Ama *Biz* onları görmeyiz, bilmeyiz. Cenâb-ı Hak onlara emretmişdir; *Sen falancanın rızkısın!* diye. O rızık, bizi *Tâkib* eder. 

 

Nitekim bir adam *Pilâv* yerken bir *Pirinç* tânesi, boğazına *Takılmış*. Kursağında kalmış, bir türlü çıkmıyor. Çıldıracak.


Doktorlar; *Yarmamız* lâzım, sen en iyisi bir *Hoca*’ya git, diyorlar.
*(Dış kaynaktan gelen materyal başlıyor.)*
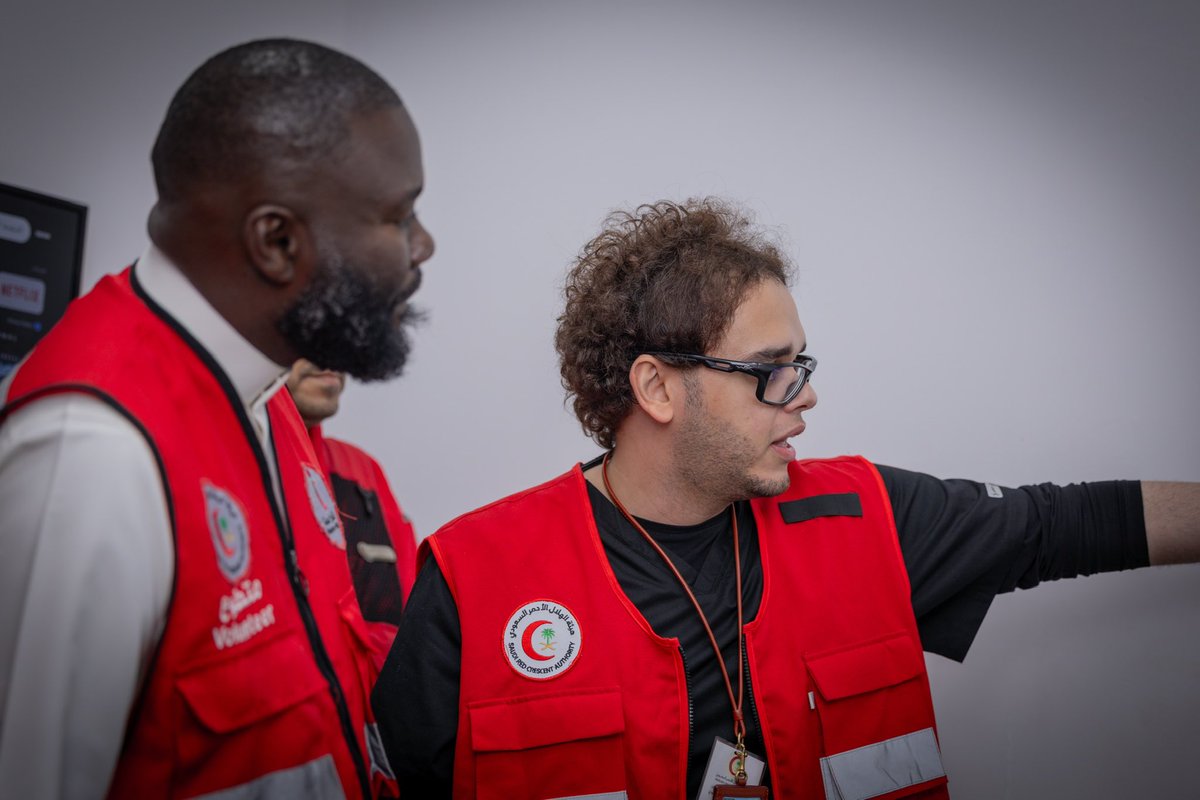 MamadouSowICRC's tweet photo. These past few days, I’ve had the immense pleasure of witnessing how the Saudi Red Crescent staff and volunteers deliver impeccable services in Mecca and Medina, rescuing, assisting and consoling those in need. 

The skillsets, the commitment, the dedication and professionalism I’ve seen here is world class. You guys are a source of inspiration. 

My gratitude to my dear brother @alowaisjalal, President of the Saudi Red Crescent for affording me the privilege and honor of joining you as you visited and encouraged your staff and volunteers serving in Mecca and Medina during #Ramadan . I was hoping to inspire them, I left inspired myself. 

Seeing the incredible achievements stemming from a constant desire to improve year in and year out, I’ve learnt that impossible isn’t Saudi. With determination and vision, any challenge can be overcome. The strong and dedicated leadership of the SRCA is a testament to this, and you have my utmost admiration. Truly the SRCA is very much in-sync with @SaudiVision2030  and I wish you all the very best.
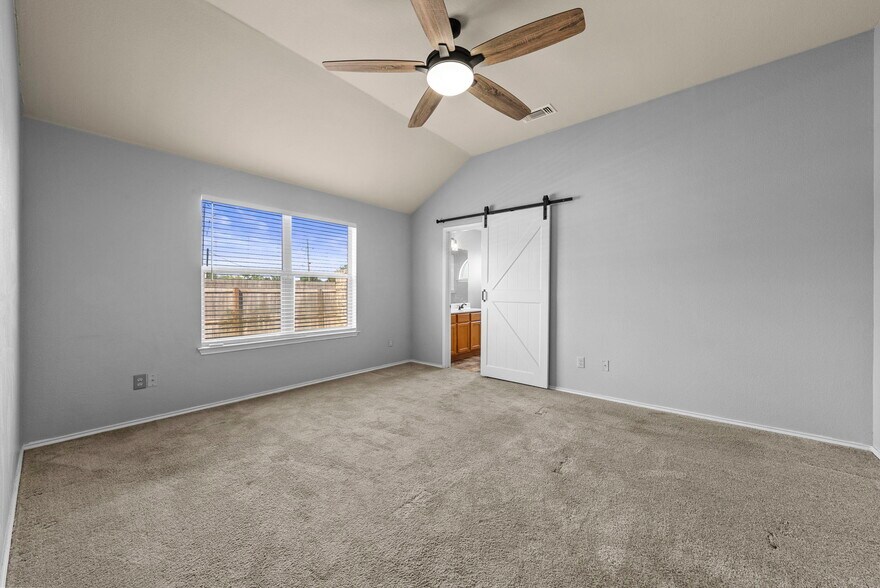 Building Photo - 276 Jerry Lees Trl
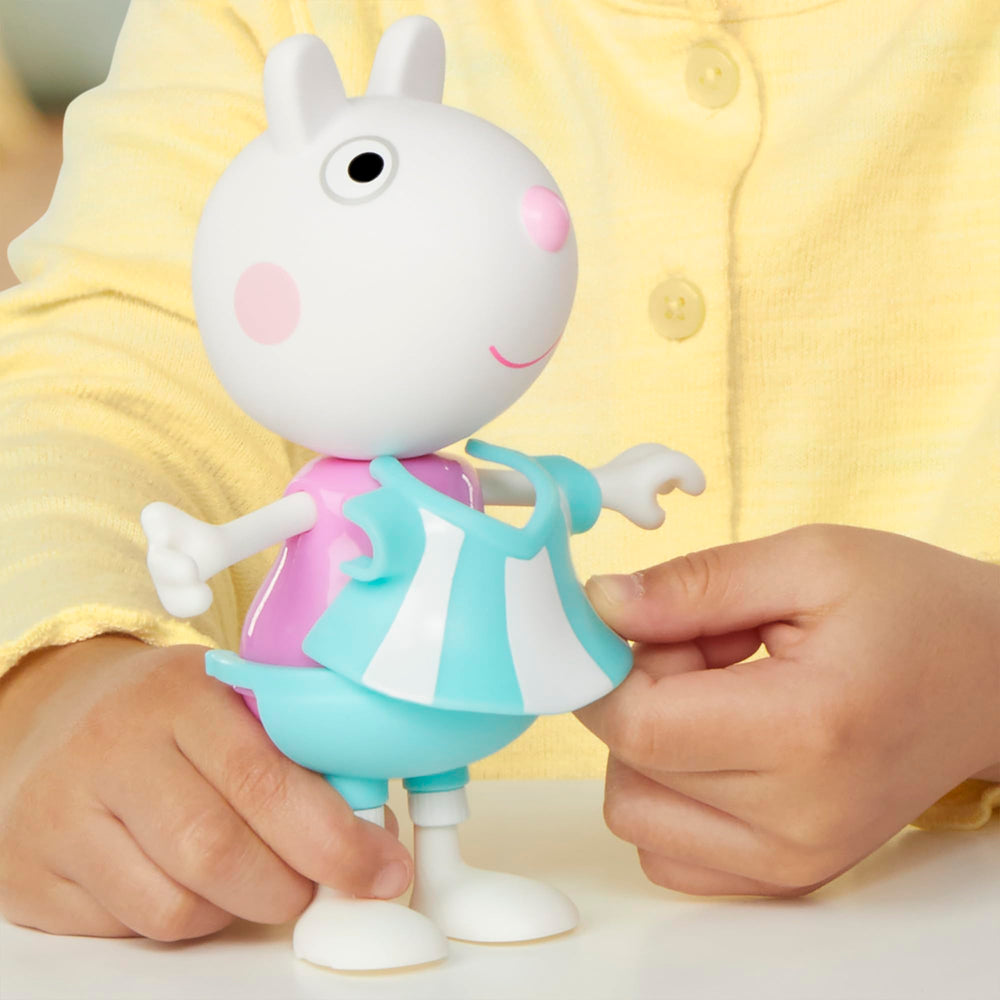 Peppa Pig Suzy Sheep 6-inch doll travels easily to daily adventures.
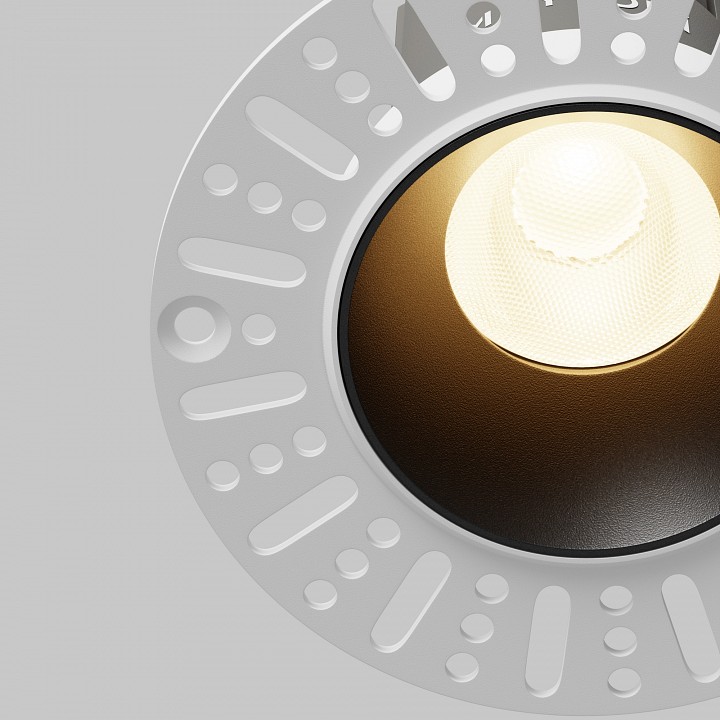 Встраиваемый светильник Maytoni 10 Вт 3000 K черный DL119-10W-3K-TRS-B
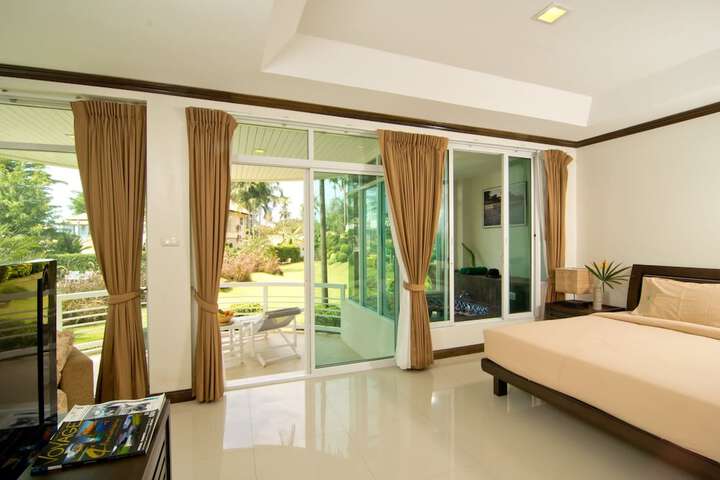 Room 10 of 61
O da gidiyor bir *Hoca*’ya. Hoca diyor ki: Bu işi, ancak *Bağdat*’daki falan *Hoca* hâlleder, sen oraya git. 


Adam kalkıyor, *Bağdat*’a gidiyor. O hoca da vaziyeti görünce; Bu *Pirinç* tânesini çıkaracak olan *Hoca*, *Buhâra*’da, sen oraya *Git*, diyor. O da kalkıyor, *Buhâra*’ya geliyor.


*Tekke*’yi buluyor. Hoca efendi *Sohbet* yapıyormuş. İçerisi kalabalık, *İğne* atsan yere düşmez. Kapının *Eşiği*’nde yer bulup oturmuş. O anda bir *Hapşırık* geliyor adama. 


Hapşırınca, o *Pirinç* tânesi fırlayıp *Önüne* düşüyor. Orda bir *Kedi* yavrusu varmış, o *Tâne*’yi alıp kaçıyor. 


Adam da şaşırıyor. *Bu ne hâl yâ Rabbî!* diyor. Geliyor ilk *Hoca*’ya. Vaziyeti anlatıyor. Hoca diyor ki: 


Allahü teâlâ, bu *Pirinc*’in üzerine, o kedinin *İsmi*’ni yazmış, ben ne yapayım. Seni tâ *İstanbul*’dan getirtdi ki, o *Pirinç* tânesini bu *Kedi* yesin diye.